Eine automatisierte Bioreaktor-Lösung, maßgeschneidert für die Zukunft der Wissenschaft

Getinge hat Forscher der Technischen Universität Delft in den Niederlanden bei ihrer Forschung unterstützt, die auf die Bekämpfung des Klimawandels ausgerichtet ist. Durch die Entwicklung eines automatisierten Bioreaktors, der auf die Verbesserung von Studien von gentechnisch veränderten Zellen ausgerichtet war, um petrochemische durch pflanzenbasierte Materialien zu ersetzen, handelten die Partner ganz getreu dem Motto von Getinge: Bringing Science to Life.

Customer successtory

„Die Zellen sind äußerst komplex, und man kann nicht immer ganz nachvollziehen, was in ihnen passiert. Einige verhalten sich wie vorgesehen, und andere werden krank und wachsen langsam. Wir optimieren diesen Prozess mithilfe von Evolution, dank der Zellen sich weiterentwickeln und gesünder und schneller werden können“, erklärt Dr. Ir. Robert Mans, Assistenzprofessor an der Fakultät für Biotechnologie.


Da das Forschungsteam im Hinblick auf die Automatisierung von Evolutionen relativ stark eingeschränkt war, musste das Medium im Bioreaktor oft per Hand ausgetauscht werden – was immer mit dem Risiko einer Kontamination und potenziellen Rückschlägen einherging.


Er führt weiter aus: „Mit einer stärker automatisierten Lösung müssten wir den Bioreaktor während der monatelangen Prozesse nicht mehr öffnen. Theoretisch wussten wir ganz genau, was wir wollten. Wir brauchten nur jemanden, der unsere Vision tatsächlich umsetzen konnte. Jemanden, der eine Lösung entwickeln und umsetzen konnte, die ausreichend flexibel für unsere Zwecke war.“


Das für die Entwicklung von Applikon-Bioreaktoren zuständige Team von Getinge, das auch in Delft angesiedelt ist, stellte sich der Herausforderung der Entwicklung einer maßgeschneiderten Lösung, die zwei Arten von langwierigen Bioreaktor-Prozessen automatisch steuert, die normalerweise eine Vielzahl an manuellen Eingriffen erfordern.


„Die größte Herausforderung bestand in der Kombination der Daten der eigenen Abgasanalysegeräte der TU Delft mit allen Prozessdaten des Steuersystems von Applikon.
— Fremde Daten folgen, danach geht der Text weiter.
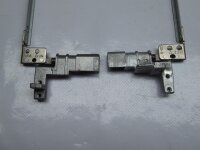 HP ProBook 6550b Display Scharniere L+R incl. Leisten...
Anschließend wurden diese Online-Daten zur automatischen Steuerung der Prozesse in der gewünschten Art und Weise eingesetzt“, erklärt Rowin Timmermans, Senior Application Specialist bei Getinge in Delft.


Timmermans führt weiter aus: „Ich besuchte die Universität mehrmals, um gemeinsam mit dem Forschungsteam Tests durchzuführen. Diese Art der Zusammenarbeit – mit häufigem und konstruktivem Feedback – ist der Schlüssel zum Erfolg. So konnten wir den speziellen Bedarf wirklich verstehen und eine Lösung entwickeln, die genau auf den Bedarf eines Kunden abgestimmt ist.“


Dr. Mans ist auch zufrieden mit den Fortschritten – und dem Ergebnis.


„Wir konnten in einer relativ kurzen Zeit – indem wir einige Dinge ausprobierten – ein Endergebnis erzielen, das alles beinhaltet, was wir uns für das System gewünscht haben“, sagt er.


Sophie de Valk, Doktorandin von Dr. Mans, fügt hinzu:


„Man kann vieles, was im Bioreaktor vorgeht, online sehen. Jetzt muss man nicht mehr andauernd auf den Reaktor schauen, um sicher zu sein, dass alles gut läuft. Nun braucht man nur wenige Klicks am Computer. Es ist ein richtig gutes Gefühl, einen Beitrag zur Suche nach pflanzenbasierten Alternativen zu der auf fossilen Rohstoffen basierten Industrie leisten zu können. Momentan werden einige bahnbrechende Innovationen entwickelt, und es fühlt sich wirklich gut an, ein Teil davon zu sein.“


Zum Schluss waren sowohl das Forschungsteam der TU Delft als auch die beteiligten Getinge-Mitarbeiter so zufrieden mit dem Ergebnis, dass sie ein Webinar veranstalteten, um ihre Erkenntnisse aus dem Prozess und die Möglichkeiten des hochmodernen automatisierten Bioreaktorsystems zu teilen.